In parallel to the encouraging progress made for bluefin tuna stocks, negotiations on the measure for tropical tuna species, and this year specifically bigeye tuna, were difficult and the Commission could not reach consensus. Ultimately, an amended rollover of the previous measure (21/01), which was initially adopted in 2019, has been adopted. The rolled over measure maintains the previous TAC of 62,000 tonnes, with associated catch limits, and the previously agreed controls on the use of fish aggregating devices (FADs). The FAD measures, which include a limit of 300 FADs per vessel, a 72-day oceanwide FAD closure and the required use of non-entangling materials in FAD designs will continue to mitigate the harvest of juvenile tuna, bycatch, animal entanglement, habitat damage and pollution impacts caused on the largest scale by drifting FAD designs.
IPNLF are pleased to see that FAD measures have been maintained and that clearer direction has been given on the FAD data that fleets must submit. This will inform scientific developments and improve management measures to increase transparency of FAD use into the future. We hope that with clearer requirements on what data must be submitted to the Scientific Committee (SCRS), the Commission will be able to better understand and sustainably alleviate the impacts of FADs on juvenile tuna and broader ocean ecosystems. Nevertheless, there remains a long way to go to develop and adopt a new measure for tropical tuna in the Atlantic which will achieve truly equitable, sustainable fisheries management for these stocks, with an ecosystem approach.

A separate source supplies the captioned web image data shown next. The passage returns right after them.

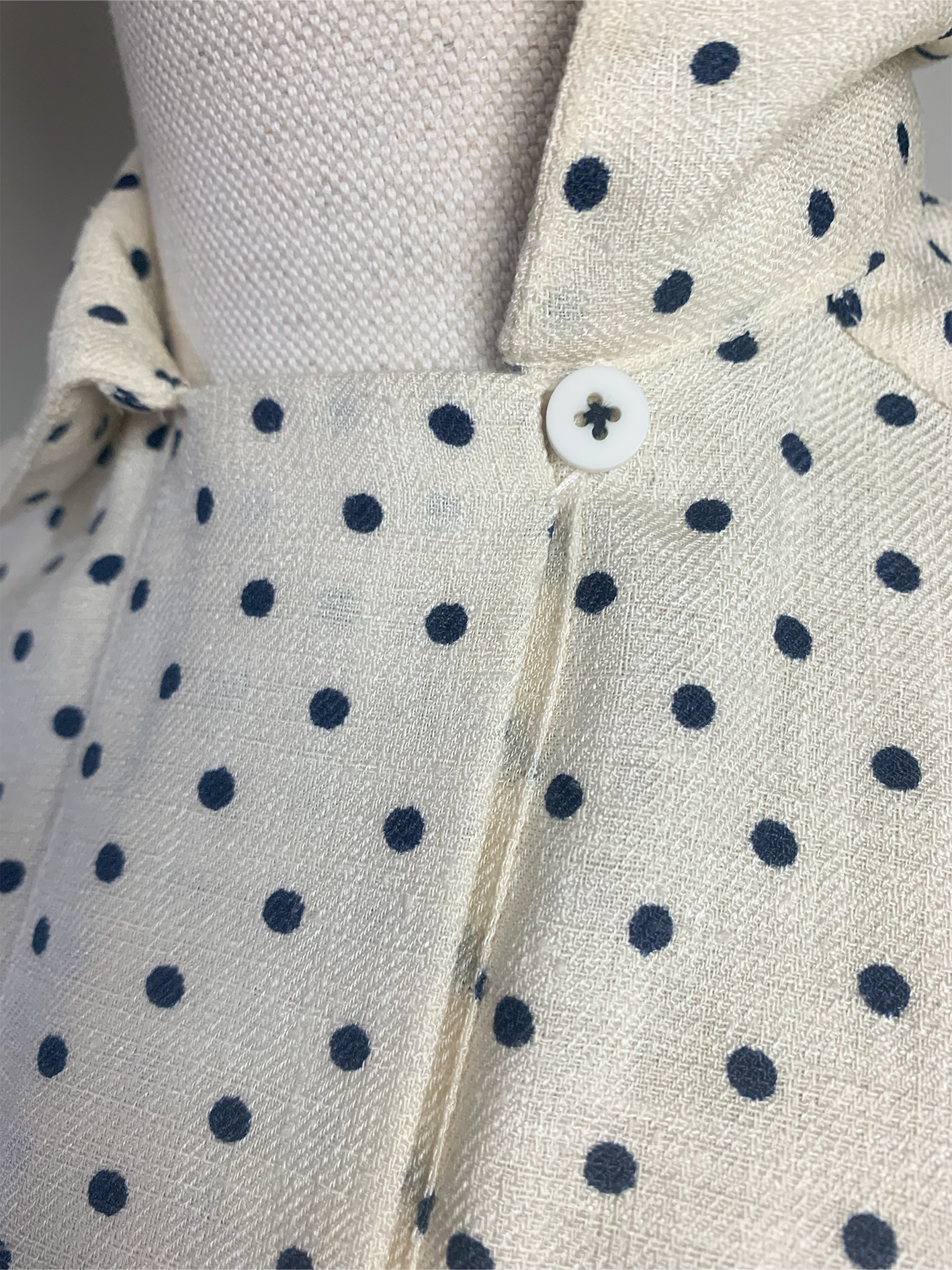 Blouse imprimée crème pois noir col multi-position vintage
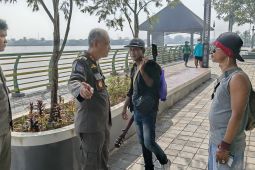 Satpol PP Pontianak monitor kawasan waterfront untuk pastikan kenyamanan pengunjung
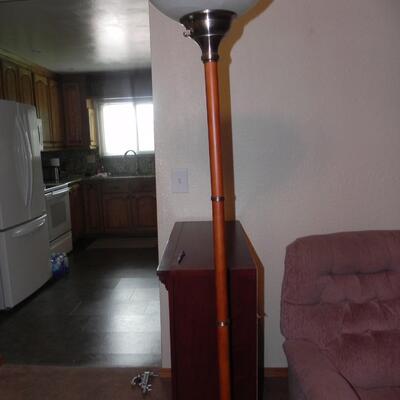 LOT 101 FLOOR LAMPS 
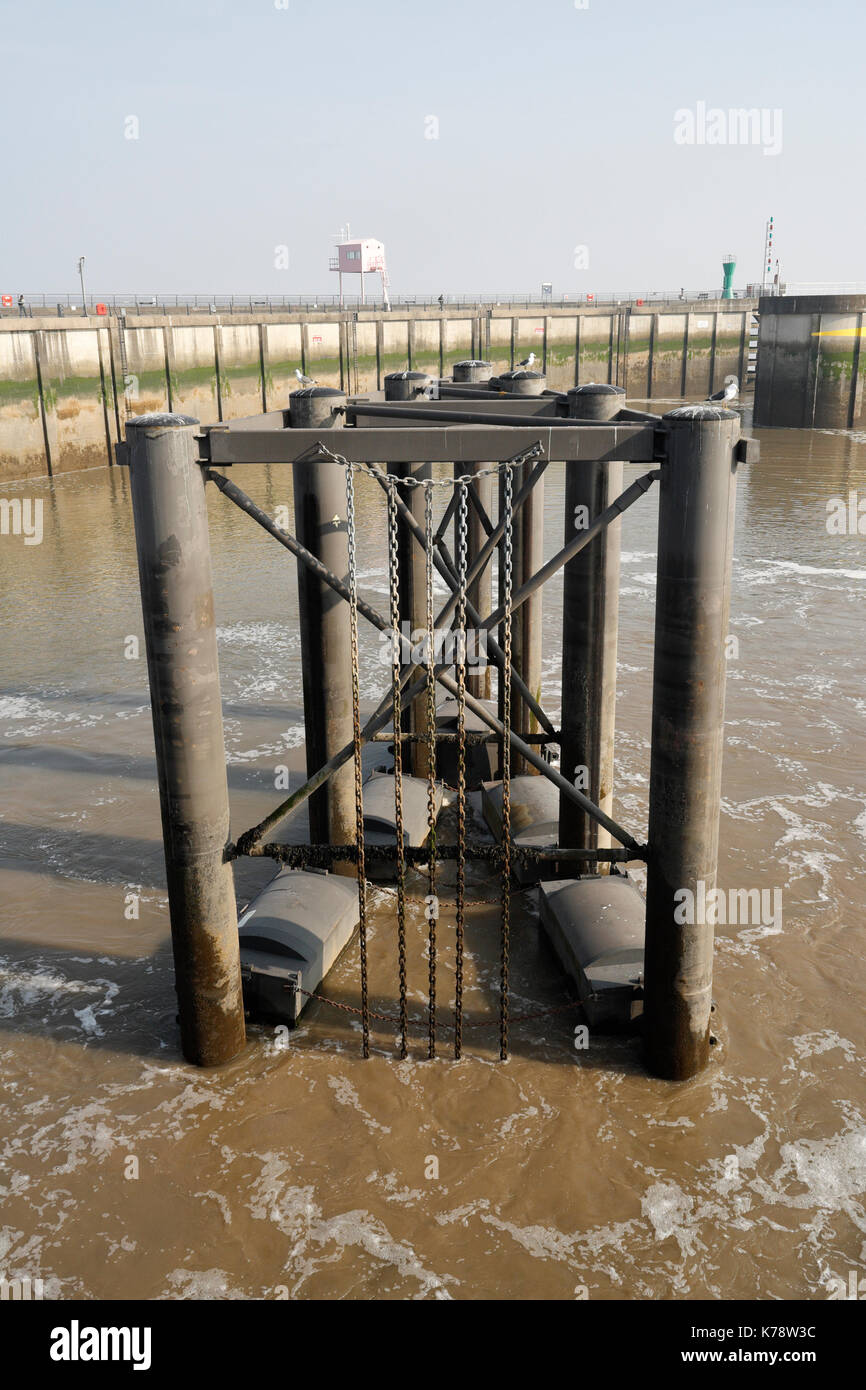 Struttura metallica all'avvicinarsi delle chiuse di Cardiff Barrage Galles Regno Unito, costa gallese Foto Stock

In addition, it is important for tropical tuna that the Commission upholds its commitment to develop Harvest Control rules (HCRs) for bigeye, yellowfin and skipjack tuna.
Other key achievements included an increase in catch limits for the south Atlantic albacore stock in response to improvements in the stocks status which will be of great benefit to small-scale, one-by-one fisheries in the south Atlantic Ocean. In addition, the Commission adopted new measures to protect mako sharks in the southern Atlantic Ocean by ending overfishing and improving the status of the stock, as well as a resolution on climate change, originally proposed by the United States. This, encouragingly, follows the adoption of a climate change measure proposed by the Maldives for the Indian Ocean earlier this year and is the first of its kind to be adopted by ICCAT. In line with the Maldives’ proposal, it mandates that the Commission invests in improving its understanding of climate change and considers the potential impacts of climate change on ICCAT target species and species in the rest of the ecosystem. This will encourage the Commission to take a more holistic ecosystem approach to fisheries management and we hope that similar steps will continue to be taken and expanded upon in other RFMOs.